──────── DATA EXTRACT ────────
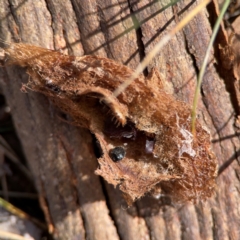 Lepidoptera unclassified IMMATURE (caterpillar or pupa or cocoon) at Gungahlin, ACT - 2 Jun 2024 by Hejor1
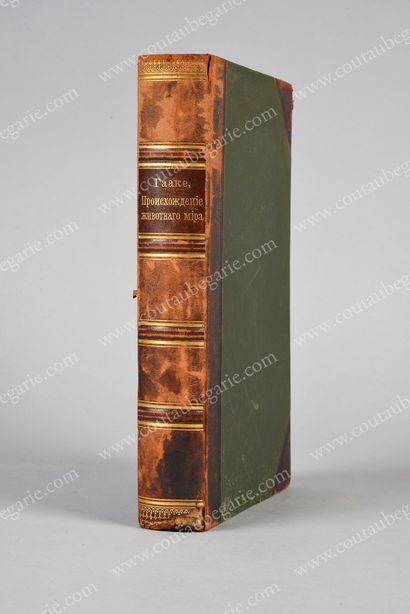 GAAK Willem.
The Origin of the Animal World,...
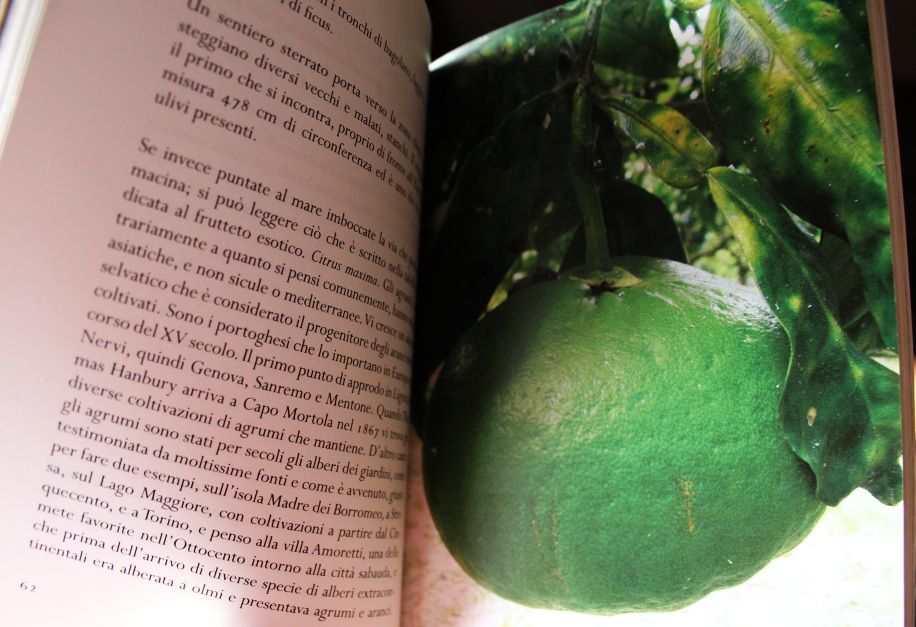 “Raccontare la terra, la terra si racconta” dal 5 all’8&nbsp;giugno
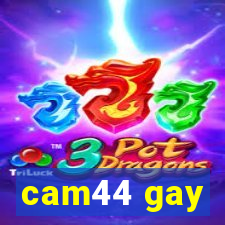 cam44 gay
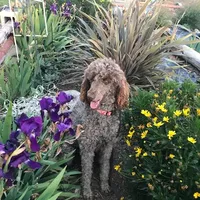 processed/c28deaef-cc0f-4775-9e89-0228158e50ab/facility/b0b90491-68aa-435d-b2e2-deff03248af9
────────
Beginning with the line that contains "The Origin of the Animal World,...", repeat every remaining line of the data exactly, the last line included, and omit pictures.

The Origin of the Animal World,...
 “Raccontare la terra, la terra si racconta” dal 5 all’8&nbsp;giugno
 cam44 gay
 processed/c28deaef-cc0f-4775-9e89-0228158e50ab/facility/b0b90491-68aa-435d-b2e2-deff03248af9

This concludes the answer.